Overview
Apple has published its annual App Store transparency report, revealing the company rejected over 2 million app submissions in 2025 for violating App Store guidelines related to security, fraud, and privacy. The company also blocked more than 1.1 billion accounts and prevented over $2.2 billion in potentially fraudulent transactions during the same period.

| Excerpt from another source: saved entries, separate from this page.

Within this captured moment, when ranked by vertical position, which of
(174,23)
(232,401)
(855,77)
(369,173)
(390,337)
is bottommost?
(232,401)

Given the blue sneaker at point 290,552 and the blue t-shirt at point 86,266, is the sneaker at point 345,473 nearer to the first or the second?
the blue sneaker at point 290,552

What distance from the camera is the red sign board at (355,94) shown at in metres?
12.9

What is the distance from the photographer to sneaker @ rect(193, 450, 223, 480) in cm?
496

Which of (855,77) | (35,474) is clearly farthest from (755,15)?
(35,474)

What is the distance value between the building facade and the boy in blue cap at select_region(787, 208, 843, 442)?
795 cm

The figures underscore the sustained scale of malicious activity targeting Apple's platform — and the operational investment required to maintain App Store integrity.
2025 by the Numbers
| Metric | 2025 Total |
|---|---|
| App submissions rejected | 2,000,000+ |
| Accounts blocked | 1,100,000,000+ |
| Fraudulent transactions prevented | $2,200,000,000+ |
What Gets Rejected?
Apple's review process screens submissions across multiple violation categories:
- Malware and unauthorized data collection — apps embedding malicious code or spyware
- Privacy violations — misuse of system APIs or data collection without disclosure
- Fraud and impersonation — fake apps cloning legitimate services or brands
- Guideline non-compliance — policy violations across content, payments, and functionality
- Developer account abuse — accounts flagged for suspicious submission patterns or stolen credentials
The review pipeline combines automated static analysis and dynamic scanning with human review for flagged or higher-risk submissions.
The Ongoing Battle
Despite Apple's review controls, sophisticated actors continue to probe the platform. Notable patterns from 2025 and early 2026 include:
- SDK-level attacks — malicious third-party SDKs embedded in otherwise legitimate apps bypass per-app review (e.g., the EngageLab SDK flaw that exposed 50M users)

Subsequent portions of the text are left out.